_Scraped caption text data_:
▽

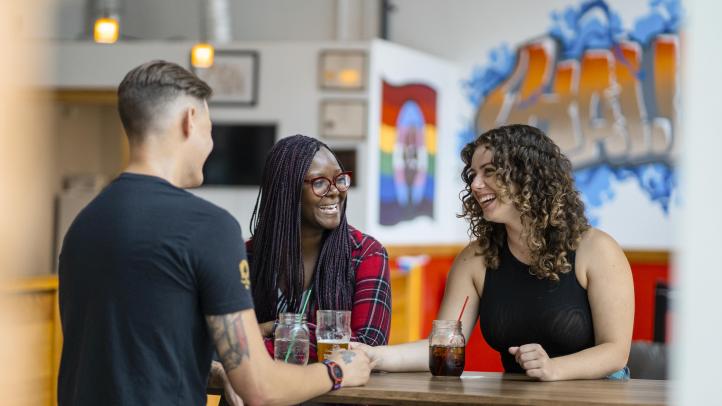 Three people sitting at a table smiling with drinks in mason jars. 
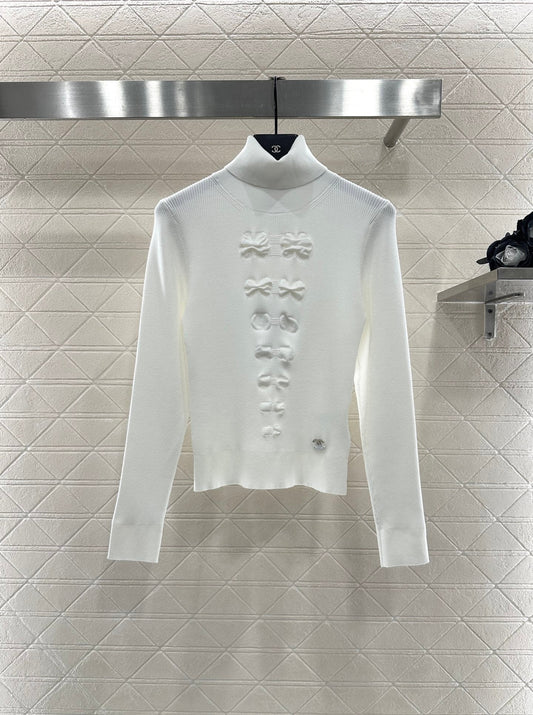 25 Bow tie high neck long sleeved sweater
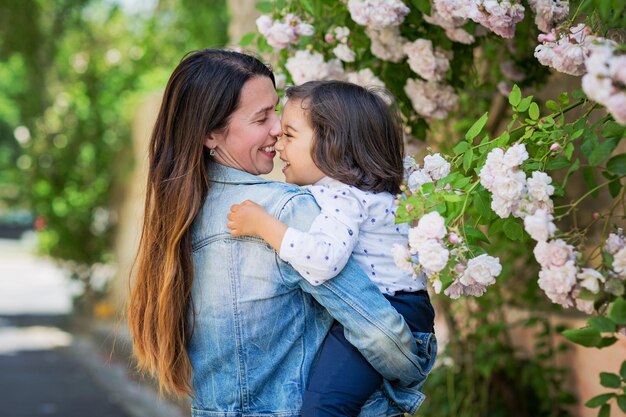 Moeder en kleine knappe babyjongen kijken naar struik met witte rozen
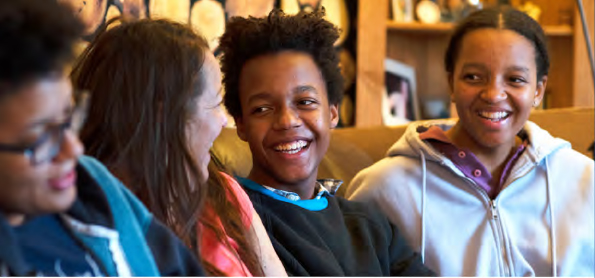 A young blac family sit together on the settee laughing and joking with each other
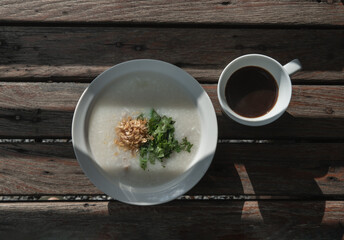 Pork congee or Rice porridge with minced pork sprinkled with deep-fried garlic and coriander in white bowl Served with cup of black coffee on old wooden table for new morning. Asia breakfast, 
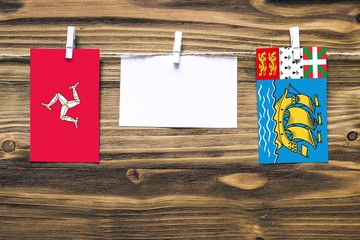 Hanging flags of Isle Of Man and Saint Pierre And Miquelon attached to rope with clothes pins with...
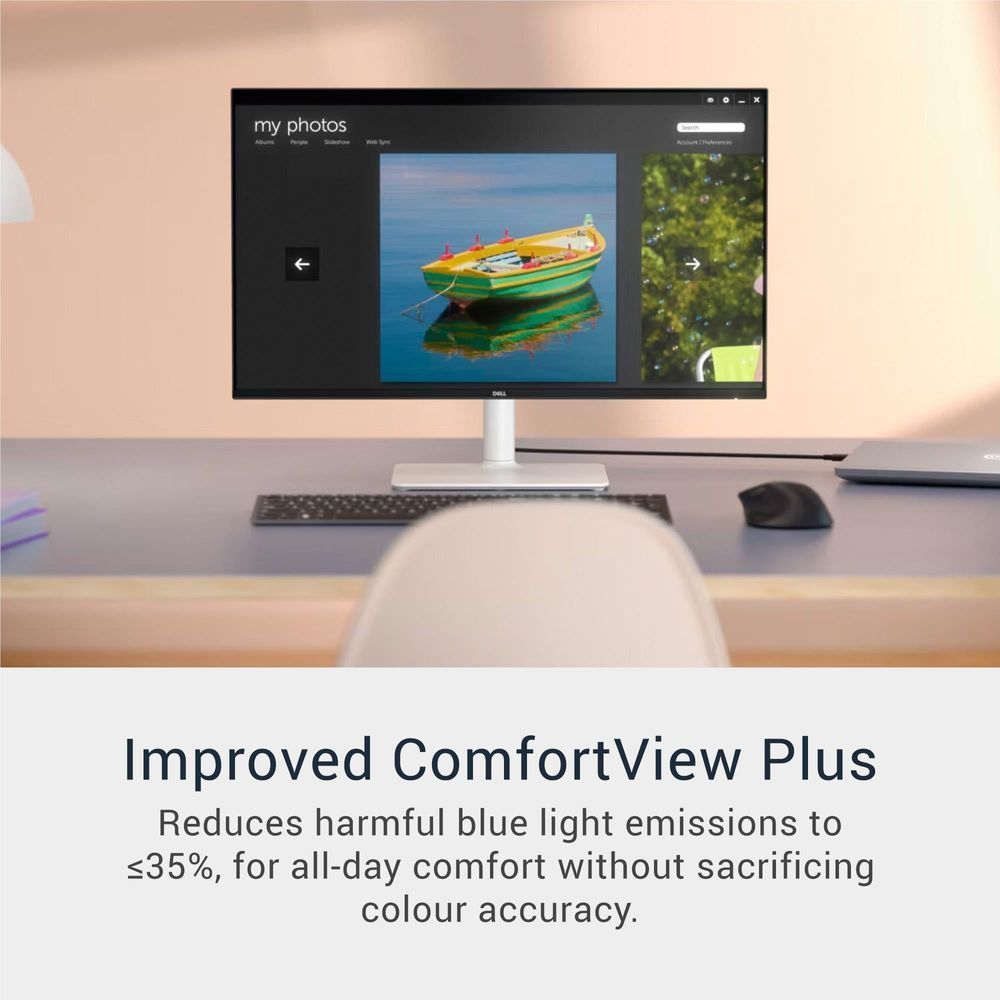 Office monitor displaying a photo gallery interface with keyboard and mouse nearby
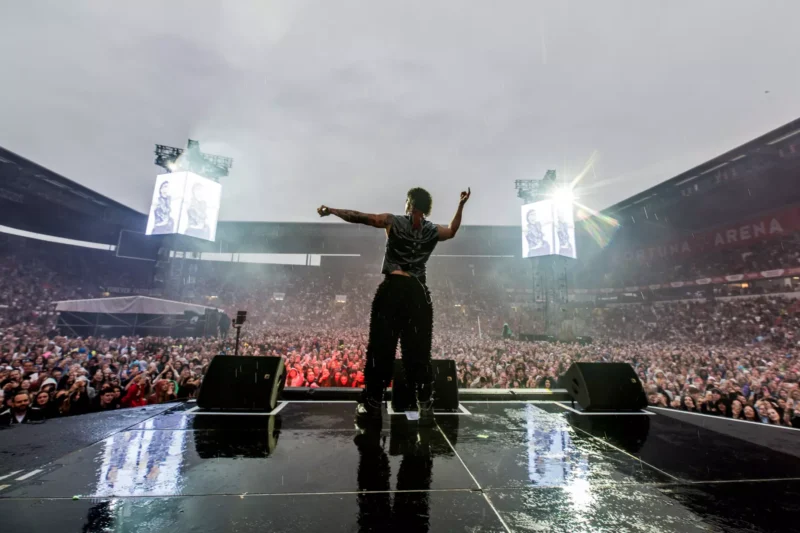 Účinkujúci na pódiu čelí jasajúcemu davu vo veľkej vonkajšej aréne. Scéna je živá, dážď a dramatické osvetlenie vytvárajú energickú atmosféru.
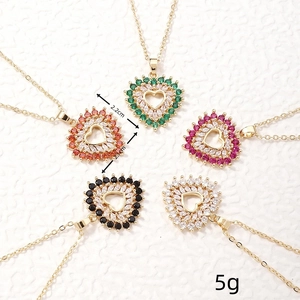 Macro view of heart pendant necklaces in five vibrant colors with crystal embellishments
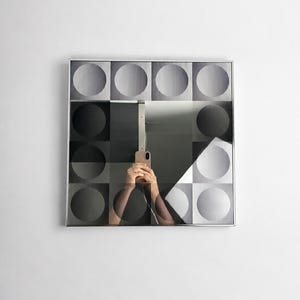 Vintage Op Art mirror with geometric black and white circle pattern, 1970s postmodern wall decor in the style of Victor Vasarely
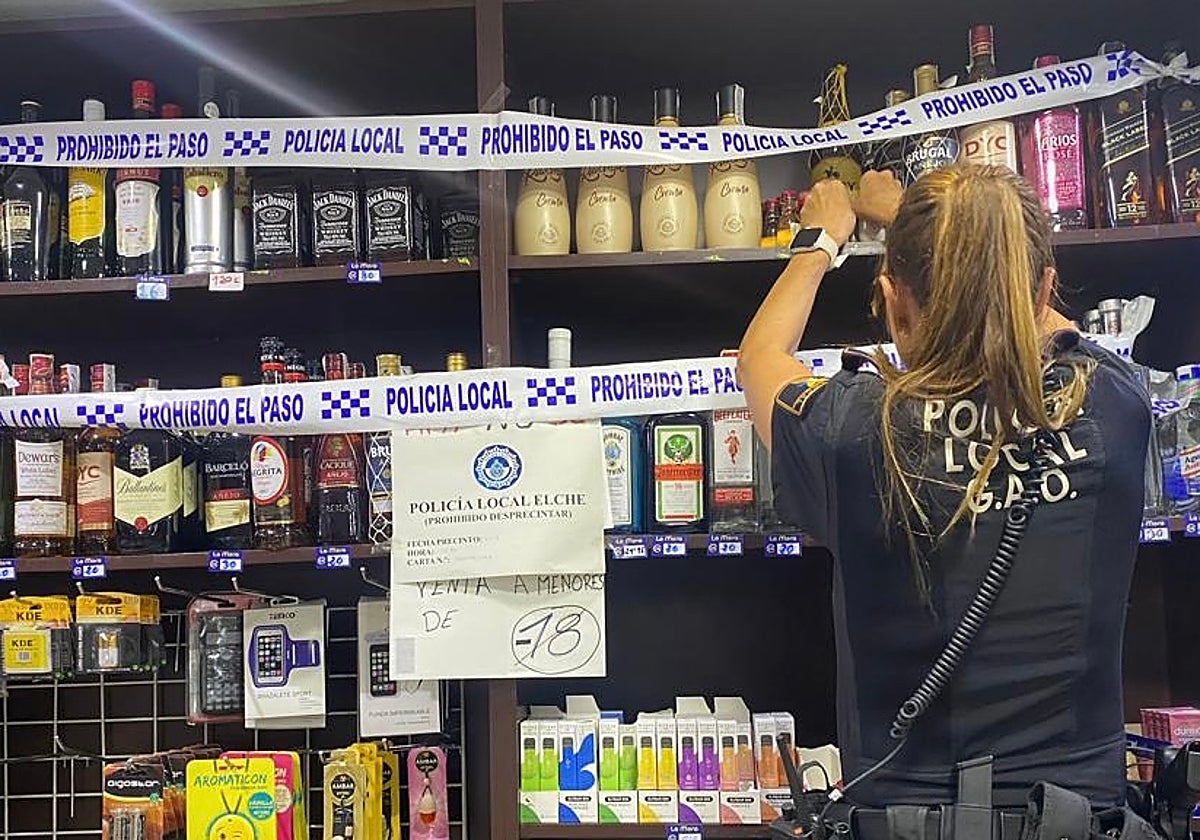 Una policía local de Elche precinta botellas de alcohol en venta irregularmente a menores de edad.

△

_Activity_: Word for word, set down every line of the records above, and leave the pictures out.

_Exercise answer_:
 Three people sitting at a table smiling with drinks in mason jars. 
 25 Bow tie high neck long sleeved sweater
 Moeder en kleine knappe babyjongen kijken naar struik met witte rozen
 A young blac family sit together on the settee laughing and joking with each other
 Pork congee or Rice porridge with minced pork sprinkled with deep-fried garlic and coriander in white bowl Served with cup of black coffee on old wooden table for new morning. Asia breakfast, 
 Hanging flags of Isle Of Man and Saint Pierre And Miquelon attached to rope with clothes pins with...
 Office monitor displaying a photo gallery interface with keyboard and mouse nearby
 Účinkujúci na pódiu čelí jasajúcemu davu vo veľkej vonkajšej aréne. Scéna je živá, dážď a dramatické osvetlenie vytvárajú energickú atmosféru.
 Macro view of heart pendant necklaces in five vibrant colors with crystal embellishments
 Vintage Op Art mirror with geometric black and white circle pattern, 1970s postmodern wall decor in the style of Victor Vasarely
 Una policía local de Elche precinta botellas de alcohol en venta irregularmente a menores de edad.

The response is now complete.